We all want to indulge in tasty treats now and then; but if you’re avoiding all those typical treats – chips, milkshakes, candy, cookies, cakes, and so forth – where do you turn? Are there still sweet and delicious foods that are healthy but still qualify as treats?
The answer lies, in part, in the utilization of substitutes. Fried and/or sugary foods may be off-limit, but you can substitute moderate amounts of healthy fats and oven-baking for the fried foods, and natural sugars and sweeteners instead of white sugar. Here are some suggestions.
1. Break Out the Blender
Craving milkshakes and ice cream is common among those trying to watch their weight. Your blender can help you overcome these cravings – smoothies, slushies, and other cold treats can help beat the ice cream craving. Start with 10 ice cubes or so, and blend at high speed with one of these combinations of ingredients:
* 2 tablespoons unsweetened cocoa powder, 1 cup vanilla almond milk
* 1 cup lemonade or fruit juice of your choice
* 1 cup fat-free vanilla yogurt, 1/2 cup unsweetened, natural orange juice, 1/4 teaspoon stevia extract (or to taste)
* Juice of 1 lemon, 1 lime, and 1 grapefruit; 1/2 teaspoon stevia extract (or to taste)
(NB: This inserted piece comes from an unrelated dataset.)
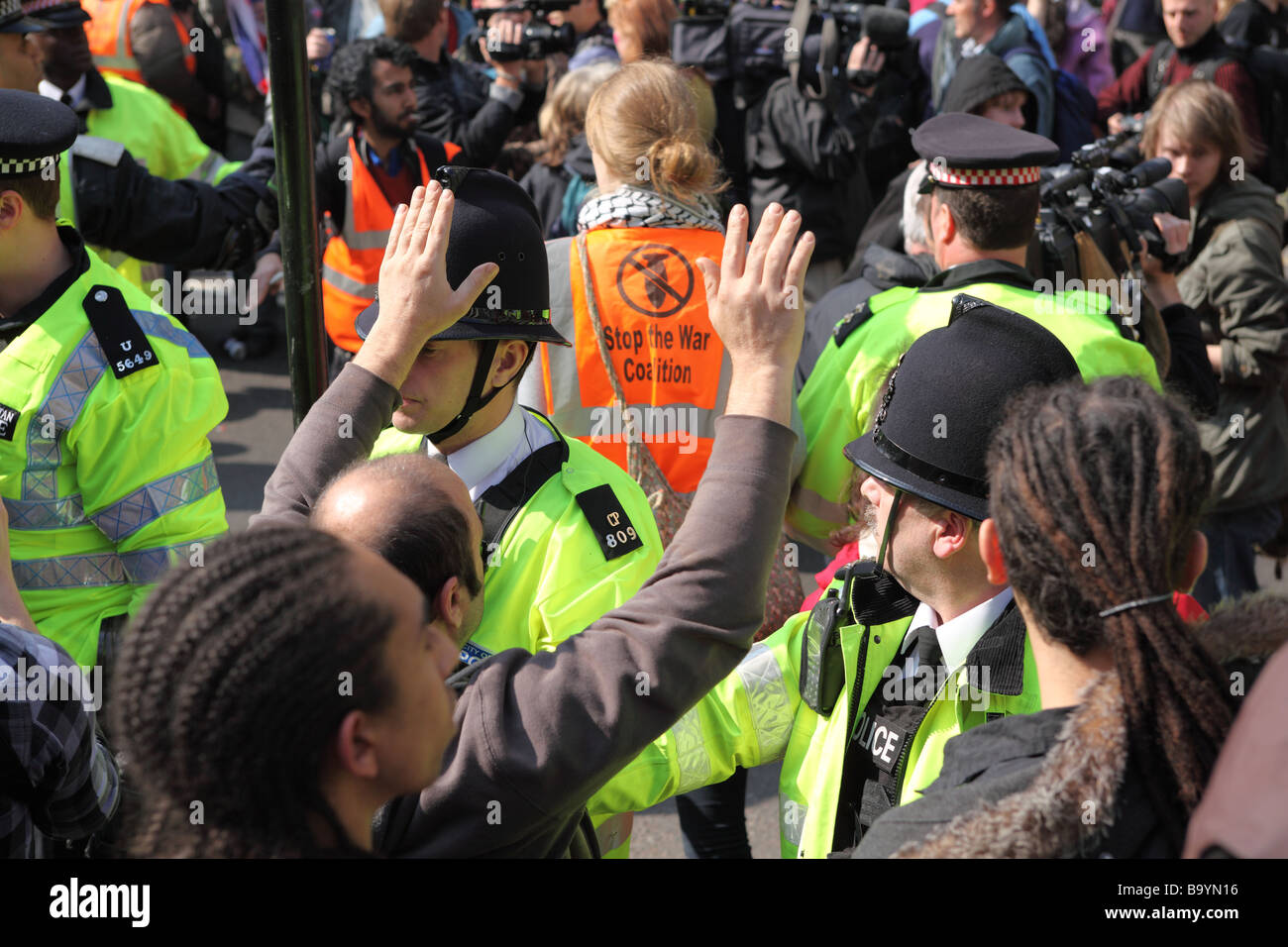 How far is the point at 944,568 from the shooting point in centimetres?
195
A really good, fat-free, low-calorie cookie is hard to come by, but meringue cookies can help get you there. Meringues are easy to make – beat 3 egg whites until frothy; add a generous pinch of salt, and beat until stiff; then gradually add 1/3 cup of evaporated cane juice and 1 teaspoon vanilla extract. Dollop the mixture onto parchment paper-covered cookie trays and place in a 350-degree oven; turn oven off and leave 8 hours or overnight.
3. Oven-baked “Fries”
The crunchy saltiness of French fries and potato chips is almost irresistible. Instead of fried potatoes, why not try oven-baking them? Simply cut peeled potatoes into fry-sized strips or sticks and toss them in a little oil, about 1 teaspoon per potato (make sure it’s a healthy oil such as safflower or olive). Stir in seasonings of your choice (such as salt, pepper, paprika, garlic powder, etc.) and bake at 425 for 30 to 35 minutes, stirring occasionally.
4. Banana Muffins
Craving cake or rich banana bread? Try these muffins for a healthier alternative.
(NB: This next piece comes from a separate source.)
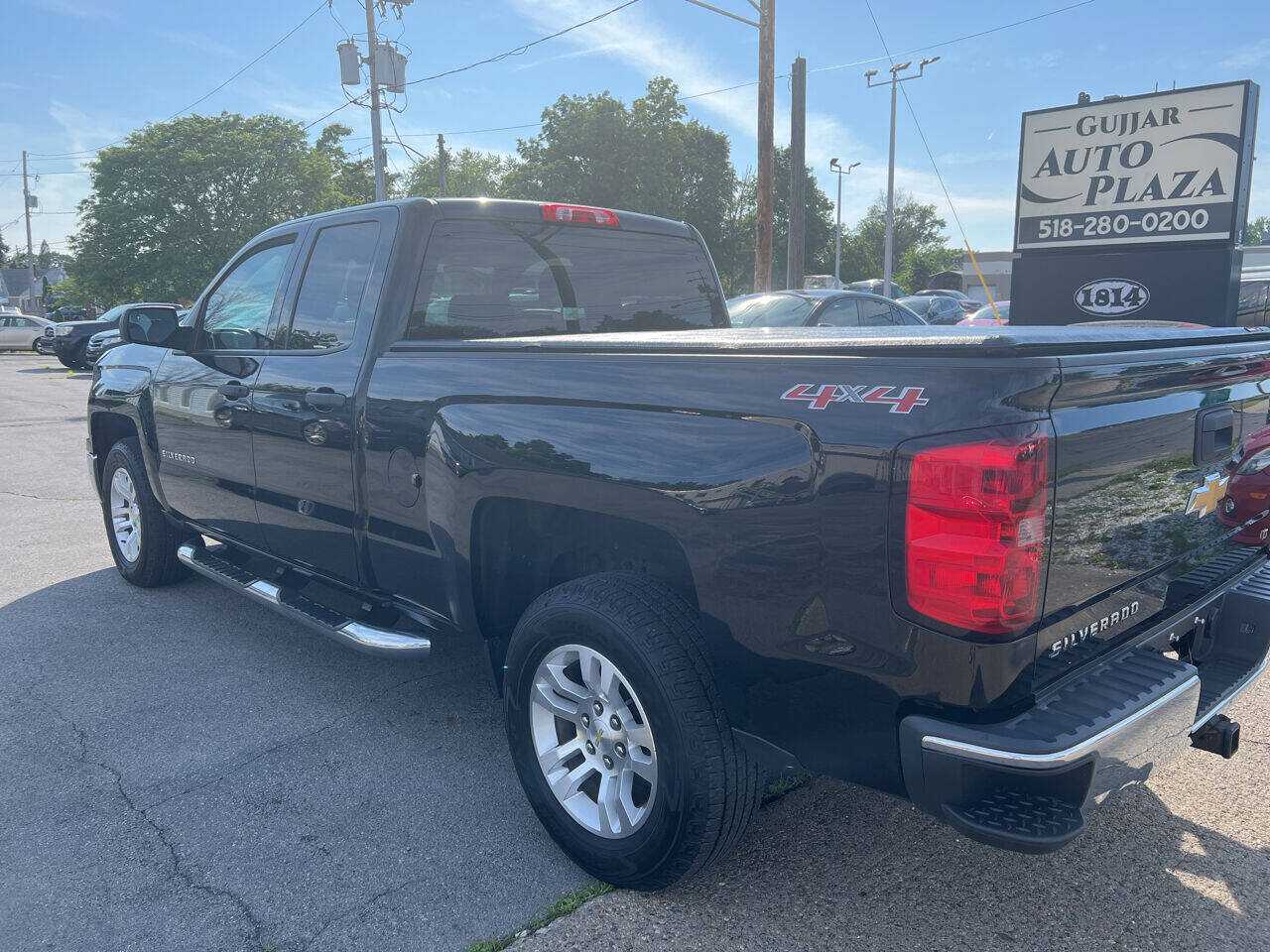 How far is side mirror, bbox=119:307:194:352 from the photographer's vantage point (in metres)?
4.37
Preheat oven to 350 degrees.
Sift together into a bowl:
* 1 cup of white whole wheat flour (or 1/2 cup whole wheat and 1/2 cup white)
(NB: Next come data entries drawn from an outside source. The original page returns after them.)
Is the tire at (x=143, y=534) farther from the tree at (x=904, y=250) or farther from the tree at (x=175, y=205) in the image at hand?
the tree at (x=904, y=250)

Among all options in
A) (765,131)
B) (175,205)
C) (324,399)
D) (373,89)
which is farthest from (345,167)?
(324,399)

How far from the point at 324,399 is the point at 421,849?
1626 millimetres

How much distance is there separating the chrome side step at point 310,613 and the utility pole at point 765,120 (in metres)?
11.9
* 1/2 teaspoon baking powder
* 1/2 teaspoon baking soda
* 1/2 (heaping) teaspoon salt
In another bowl, whisk together:
* 1 egg
* 2 tablespoons safflower oil
* 2 tablespoons plain, low-fat yogurt
* 1 teaspoon vanilla extract
* 1/2 cup evaporated cane juice
* 2 small bananas, mashed
* 2 tablespoons low-fat mini chocolate chips (optional)
Combine all the ingredients, stirring just until moistened.
Spoon into muffin tins and bake for 15-20 minutes.